Dieses Waldstück liegt am östlichen Rand Braunschweigs, inmitten des Naturschutzgebietes Riddagshausen. Mit seinen zwei Hektar Fläche und der Lage, umgeben von der Wabe, der Ebertallee und Gleisen, scheint es zunächst wenig Besonderes zu bieten. Doch bei genauerem Hinsehen verändert es seine Wirkung und erzählt eine Geschichte. Im Inneren wirkt es plötzlich groß, wild und ruhig.

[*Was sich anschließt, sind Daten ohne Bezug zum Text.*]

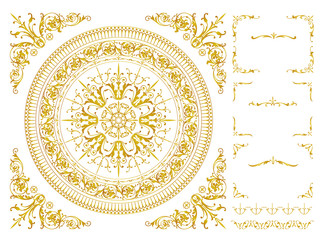 Wall Mural - set of decorative elements for design. golden floral ornament.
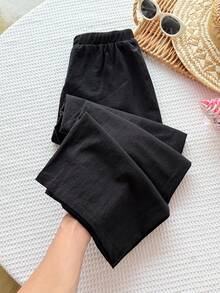 SHEIN Tween Girls' Casual Comfortable Mid-Rise Straight Leg Pants, Versatile Fall Winter - Black - View 2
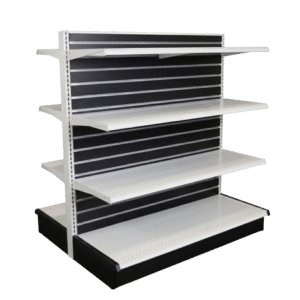Matte Black Slatwall Backed White Double Sided Gondola Shelving Starter Unit | 6 Shelves | Madix Compatible | 48" x 54"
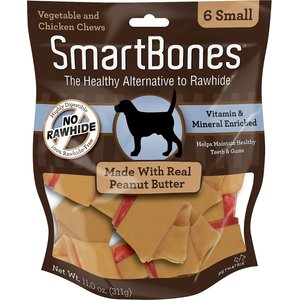 SmartBones Small Peanut Butter Chew Bones Dog Treats, 6 pack, bundle of 2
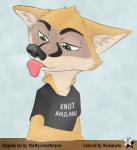 anthro fur green_eyes licking male simple_background solo text tongue tongue_out thewyvernsweaver wodahseht disney zootopia fan_character william_f'talis canid canine fox mammal swift_fox true_fox 2017 absurd_res colored digital_media_(artwork) english_text hi_res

Setzt der Verkehr für einen Moment aus, ist es sogar so ruhig, dass es fast verlassen wirkt. Es fehlen das Vogelgezwitscher und das Rascheln im Gebüsch – Umstände, die Fragen aufwerfen:
Wem gehört dieses Waldstück? In welchem Zustand befindet es sich? Wie belebt ist es? Wie wird die Natur hier geschützt? Warum ist es so umschlossen? Und welche Rolle spielen die angrenzenden Nachbarn?
Geht man diesen Fragen nach, gewinnt die Geschichte um dieses Waldstück mehr und mehr an Komplexität. Es zeigt sich, dass dieses Waldstück eine geschichtsträchtige Umgebung hat, geprägt von der Klosteranlage, dem Grünen Jäger, der Buchhorst und dem Jägerhof Riddagshausen. Es zeigt sich auch, dass dieses kleine Waldstück auf drei Eigentümer*innen aufgeteilt ist: die Deutsche Bahn AG, die Stadt Braunschweig und die Stiftung Braunschweigischer Kulturbesitz. Doch alle drei Eigentümerinnen sind auf unterschiedliche Weise mit dem Staat verflochten. Außerdem ist die gesamte Umgebung, mit Ausnahme des Waldstücks, eine Überlagerung verschiedener Naturschutzzonen, deren Einhaltung durch den Staat kontrolliert wird. Auch der Eindruck, dass es ungewöhnlich ruhig ist, ist kein Zufall, denn dies ist der Zerschneidung des Waldes geschuldet. Das Ausmaß dieser Zerschneidungen wurde von einem Forschungsteam der North Carolina State University untersucht, das zu dem Ergebnis kam, dass die Artenvielfalt in diesen fragmentierten Waldstücken innerhalb von 20 Jahren durchschnittlich um 50 Prozent sank.
Mit jeder beantworteten Frage tauchen neue auf, und es bleibt der Eindruck, dass Waldstücke wie dieses oft übersehen werden – dabei haben sie weit mehr Geschichten zu erzählen, als man auf den ersten Blick vermuten würde.